For Jewish People living outside the State of Israel, as well as for Israeli Jewry, this is one of the best moments in history to be Jewish. In a rendition of alternate history, Diaspora Jewry would have no promise of security from persecution and who could predict the future of Jewry in the Land of Israel. Today, World Jewry, whether they are in need, want a change in lifestyle, or just want to live their olim dream of aliyah, have the ability to move to the State of Israel. Yom Ha’atzmaut, Israeli Independence Day, is officially on the 5th of Iyar (this year on May 2nd), though we should be spending a lifetime celebrating the rebirth and success of the national liberation movement of the Jewish People. Before the establishment of the State of Israel in 1948, when faced with discrimination, the only contemplation for World Jewry was one of fight or flight.
The option of fight or flight was the choice of staying in their accustomed country, unaware of the geopolitical shifts about to take place. Some had the choice to pick up their lives and immigrate to the land their people have been yearning towards for a millennium. Sensing the frightening changes in their neighbors and in the political rhetoric, Europe’s Jewry had grave decisions to make about their future. Should one stay in his home, ignoring the the evolution of hatred coming from the country he once knew. Or should he take the leap into the unknown, only hoping that there could be a life for him in the distance. With anti-Semitism lurking on every street corner in Europe, whether a Jewish person was eager to leave in 1880, 1920, or 1939, the only haven open was the region known as Palestine; the setting of where the Jewish people once lived under their own sovereignty.
Born in 1948, the Jewish State is now 69 years old. While we can already foresee the long line of dominoes that have brought us to Israel’s founding, the day of Yom Ha’atzmaut is our chance to celebrate. The first in a long line is the Torah, G-d’s divine word, which says the name of our capital city “Jerusalem” 669 times. If not for our sacred text, the Jewish People would be wihtout a solidified yearning to our homeland; and probably still translating our oral tradition in Aramaic. In the contemporary era, we must appreciate Theodore Herzl and his determination to bring the Jewish People back to our homeland.
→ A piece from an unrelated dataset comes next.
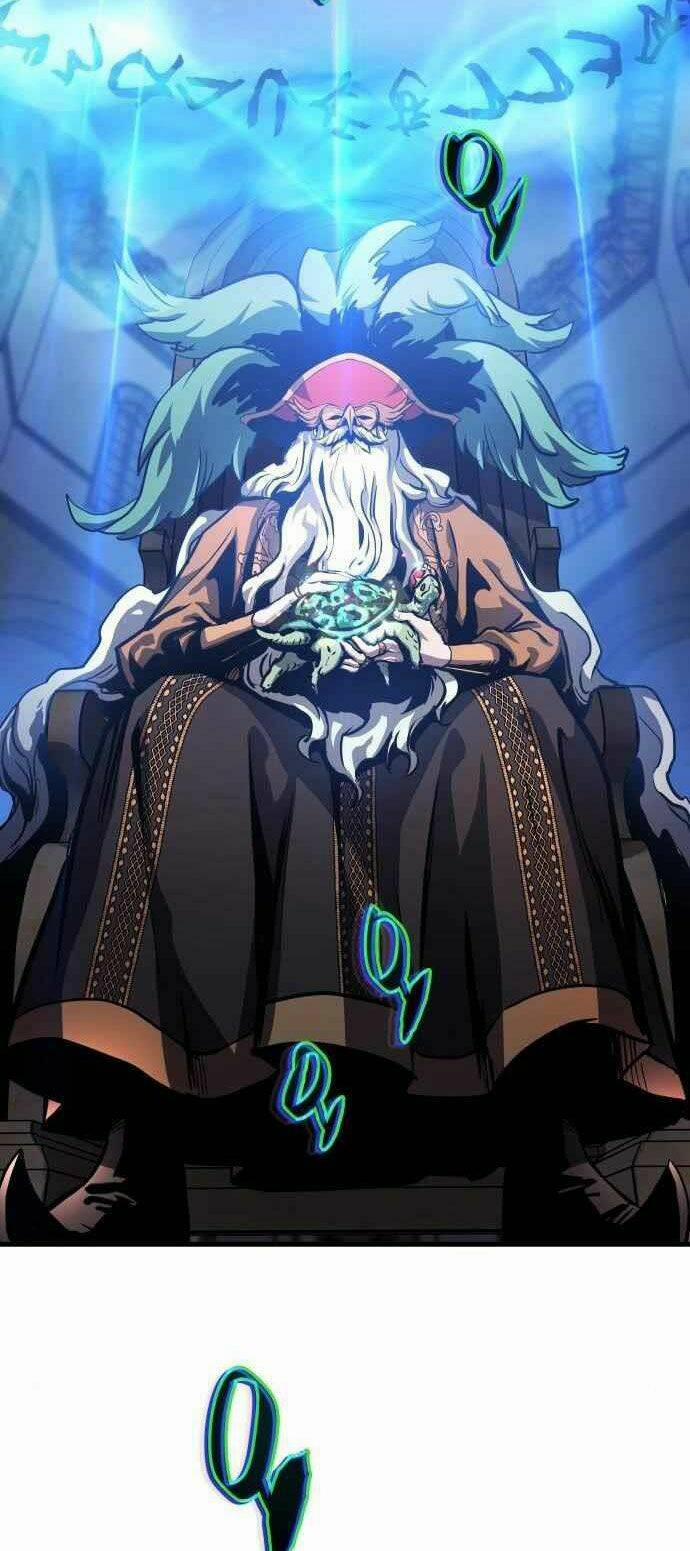 Sự Trở Về Của Chiến Thần Tự Sát 7 trang 19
If not for his passion and intellect, we would be without his ideology of Modern Political Zionism. We must also admire David Ben-Gurion, Israel’s First Prime Minister, for his courage to announce the establishment of t
he country and much of his contribution to the State of Israel. Even in Herzl and Ben-Gurion’s wildest dreams of Israel as a secular ethnic state for the Jewish People, the envisioned country that we have today is a beacon for religious freedom. Secular ideals may run the country, but Judaism is its core model. While we might get partisan push-back on some historical figures, there are countless that we must commemorate in Jewish and Israeli history for the accomplishments and stature that the State of Israel holds today.
On Yom Ha’atzmaut, Israeli Independence Day, we salute the establishment of the country but also the soldiers of Israel. The Israeli soldier, whether they are Jewish, Arab, Christian, Druze, Bedouin or other., is the concrete that secures a Jewish person’s place in the West. It is the soldiers of Israel that protect our right to practice Judaism at our beloved Western Wall (Kotel), and it is the soldiers of Israel that keep us from praying in certain sites. While we remember the fallen soldiers on Yom HaZikaron, we remember all soldiers on Yom Ha’atzmaut. Without our keepers, we would only have history in Tiberius and a yearning for Jerusalem.
The State of Israel is a light unto the nations, a strong, stable democracy. The innovation nation was not a gift given by the League of Nations, but an emblem of perseverance that we cannot permit to be taken for granted. Even as human of a concept as a country is, the entity of Israel is in a way our life insurance. While she is nonsensically condemned in international arenas and threatened with destruction from hegemonic regimes, the Jewish People must band together to fortify the Jewish State. As Leviticus 25:35 indicates, “Strengthen him so that he does not fall and become dependent on others.”